Thirty is a milestone year, and I think it deserves a bit of attention on this here bloggie. I have a great deal in my life to be thankful for and so much more to look forward to. Pretty much, I love being 30 already. Allow me this soliloquy...
I entered this world at a respectable 8 lbs 12 oz (thanks mom!). Shortly thereafter I intuitively learned to walk and feed myself and manipulate cookies out of older siblings. I was eventually brave enough to peel away from my mother's knee and begin kindergarten. I navigated the playground semi-successfully; got knocked down, got back up again, peed my pants during Heads-up 7-up, hated dodge ball, but secretly loved rainy days when we had to stay inside from recess and read.

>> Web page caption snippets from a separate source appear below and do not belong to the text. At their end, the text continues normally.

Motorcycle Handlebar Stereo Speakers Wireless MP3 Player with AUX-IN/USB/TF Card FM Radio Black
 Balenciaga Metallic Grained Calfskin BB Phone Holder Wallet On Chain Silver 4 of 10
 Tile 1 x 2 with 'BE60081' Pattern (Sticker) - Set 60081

These are building blocks.I'm entering a whole new decade of my life, the one that I envision will be the most difficult and yet the most rewarding. I'm 30 after all, and I fully intend to act like it. I've been thinking a lot about what it means to age gracefully and I'm fighting back the pressure to look and feel the same as I did a decade ago. Truthfully, I'm not all that sad to see my 20's go. Sure, we had good times, but I'm more than ready to move on. I've given up many things that used to pressure me, including the need to be a super cute super young superhero mom. Rather, I've embraced the notion of simply being a mom to young kids. It's a small change, but has made a big difference. So you see, the older I become, the more I realize I am becoming the real me.
One endless summer I pretend-married my childhood best friend in a tree-house with a cracker jacks prize ring. I buried top secret treasures in my mother's garden intended to be found by future archeologists. I fought and played and fought with my brother. I ate endless quantities of my grandmother's tapioca pudding without guilt. I played outside everyday. Mostly barefoot. These are memories.
Somehow, some way, I survived Jr. High School. Although I did not emerge without scars. My eldest brother tolerated me enough to take me with him to Southeast Asia. It was terrifying, but that experience saved me. By my later teenage years I had started to turn into a somewhat respectable human being. Responsible. Studious (albeit not smart, per se). I gained a testimony of my Savior. I kissed a boy. I pierced my ears. I made real friends all before jumping out of the house and into University where being responsible, studious and popular only made you less than average. These are realities.
I had roommates way out of my league, a lucky good job, and drove an unfortunate old baby blue Mazda ironically named the bullet. I learned to cook on a cattle ranch. I traveled to Europe. Along the way I wrote a missionary and eventually he came home. For reasons I could not understand he was in love with me too and for once in my life I followed my heart instead of my head and said, yes. These are tender mercies.
We were poor, but it didn't matter. Still doesn't. I finished my studies and went right to work. My first job was a complete set back, but things eventually got better and doors opened that I didn't know existed. We moved away, but not that far. He went school. Plus more school. And now works for his dad :). We fought hard to save those things in marriage worth saving, and got rid of a few others that needed letting go. Along the way a few miracles happened and soon I will become a mom to a little girl who has stolen my heart completely. This is my future.